New York (ANTARA News/AFP) - Harga minyak mentah menembus 71 dolar AS per barel pada Rabu waktu setempat, tertinggi dalam delapan bulan, karena para pedagang mengikuti jejak jatuhnya persediaan minyak mentah Amerika, melemahnya dolar AS dan harapan pemulihan permintaan energi global.

Kontrak berjangka utama New York, minyak mentah "light sweet" untuk pengiriman Juli, melonjak menyentuh posisi tertinggi 71,79 dolar AS per barrel, tertinggi sejak Oktober.

Kontrak berakhir pada 71,33 dolar AS per barel, atau naik 1,32 dolar AS dari posisi penutupan Selasa.

Minyak mentah "Brent North Sea" London untuk penyerahan Juli, meningkat 1,18 dolar AS menjadi 70,80 dolar AS per barel, setelah sebelumnya sempat mencapai 71,20 dolar AS.

Badan Informasi Energi AS (EIA) Rabu mengatakan, bahwa persediaan minyak mentah Amerika jatuh 4,4 juta barel dalam pekan yang berakhir 5 Juni, mengindikasikan menguatnya permintaan di negara konsumen energi terbesar dunia.

Itu jauh lebih besar daripada ekspektasi pasar turun 700.000 barel.

"Bullish (pasar bergairah)," yang sebagaiman analis Morgan Stanley Research Hussein Allidina gambarkan sebagai jumlah cadangan minyak mentah baru.

Ia mengatakan bahwa "pasar minyak mentah fisik terlihat menguat, meski kilang penyulingan minyak AS berjalan ... di bawah level tahun lalu."

Torbjorn Kjus, analis pada DnB NOR Markets, mengindikasikan bahwa level rendah minyak mentah dapat mendorong harga meningkat.

Pekan ini, pasar minyak juga mendapatkan dukungan kuat dari melemahnya mata uang AS. Minyak mentah yang dihargakan dalam dolar menjadi lebih murah untuk para pembeli yang memegang mata uang kuat. Kecenderungan itu menstimulus permintaan dan mendorong harga minyak naik.

Karena harga minyak mentah berjangka dua kali lipat dari posisi Desember, beberapa analis yakin "rally" (kenaikan panjang) yang terjadi dipicu oleh spekulasi di tengah kenaikan tipis permintaan.

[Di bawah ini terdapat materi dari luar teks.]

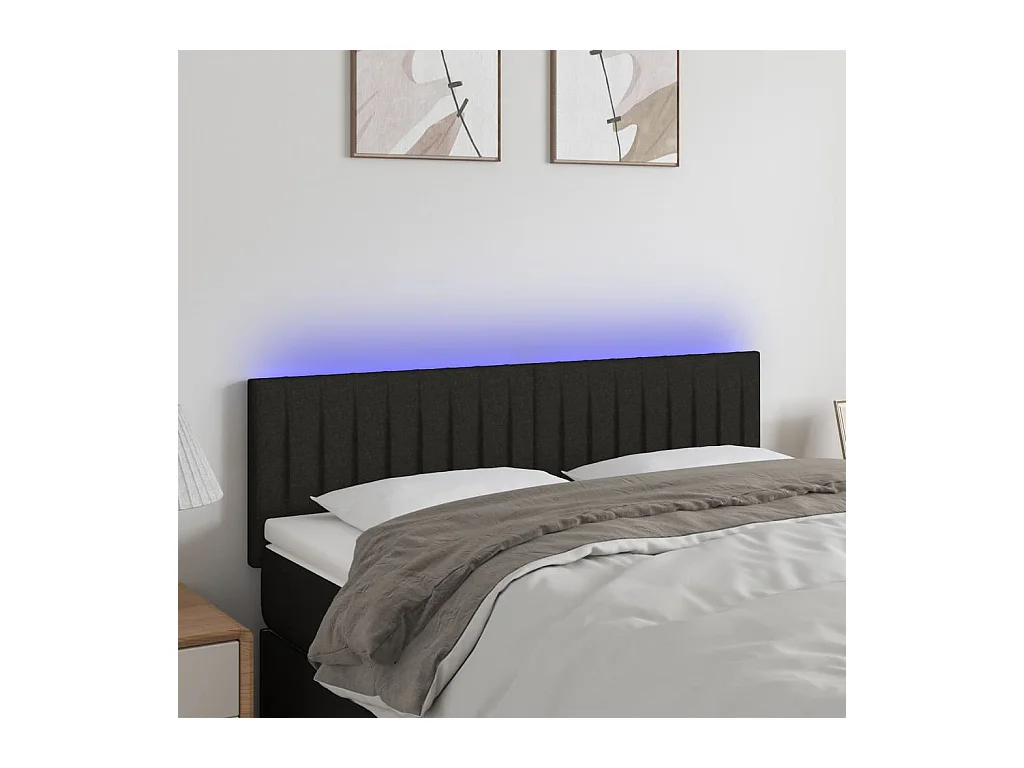 LED Kopfteil Schwarz 144x5x78/88 cm Stoff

"Kami melihat beberapa faktor yang mempengaruhi harga. Salah satu faktor adalah para pedagang terlihat menjaga minyaknya di luar pasar, menyimpan minyaknya di tanker-tanker seluruh dunia dan meninggu harga minyak bergerak naik," kata Frederic Dickson, kepala strategi pasar untuk DA Davidson & Co.

Dia juga mencatat "perdagangan spekulasi, yang mencerminkan aliran dari beberapa likuiditas besar-besaran yang dipompakan oleh bank-bank sentral global ke dalam ekonomi ..... mendorong harga naik."

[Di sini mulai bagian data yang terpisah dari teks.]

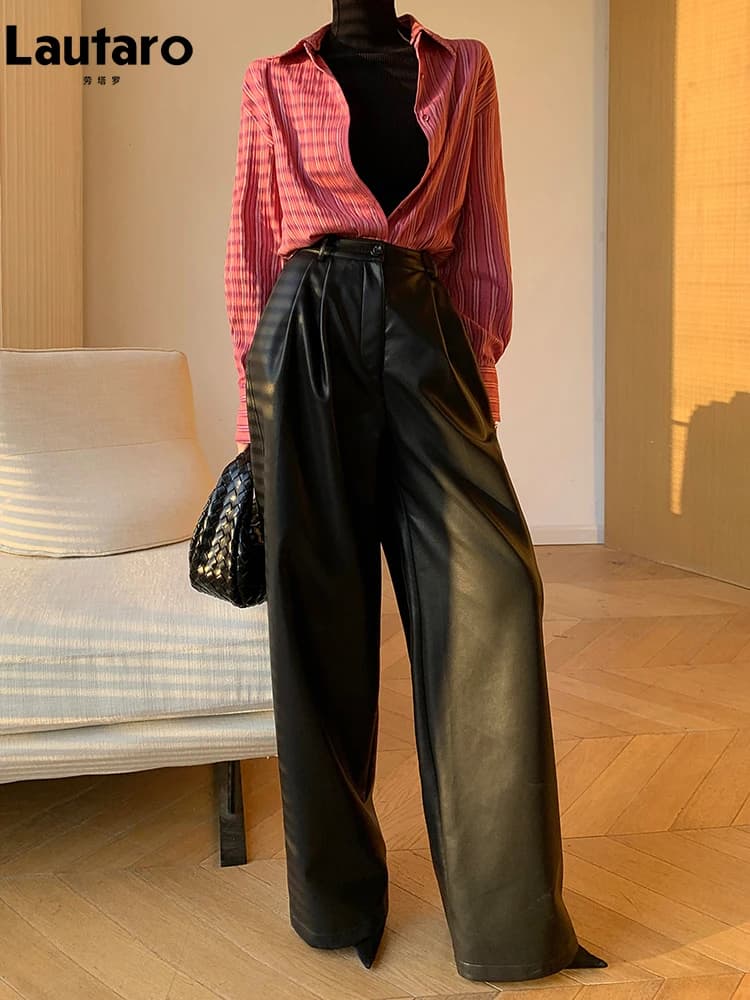 Lautaro printemps automne ample décontracté doux noir bordeaux Pu cuir pantalon à jambes larges pour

Harga minyak telah merosot sejak mencapai puncak lebih dari 147 dolar AS per barel pada Juli, karena krisis ekonomi dan keuangan global telah mengurangi permintaan energi.

Perusahaan energi Inggris BP Rabu mengatakan, bahwa konsumsi minyak global turun 0,6 persen pada 2008, penurunan tahunann pertama sejak 1993 dan penurunan terbesar sejak 1982, karena penurunan ekonomi memangkas permintaan.

Perusahaan mengatakan, produksi minyak global naik menjadi 81,8 juta barel per hari pada 2008 dar tahun sebelumnya. Namun demikian, konsumsi seluruh dunia berkurang 420.000 barel per hari.

Kepala eksekutif BP Tony Hayward pada Rabu, juga memproyeksikan harga minyak dunia akan diperdagangkan antara 60-90 dolar AS per barel dalam tahun-tahun mendatang.

"Saya pikir itu adalah sebuah argumentasi rasional, untuk dimana kami hari ini, bahwa harga minyak akan berada pada kisaran antara 60-90 dolar AS," kata Hayward.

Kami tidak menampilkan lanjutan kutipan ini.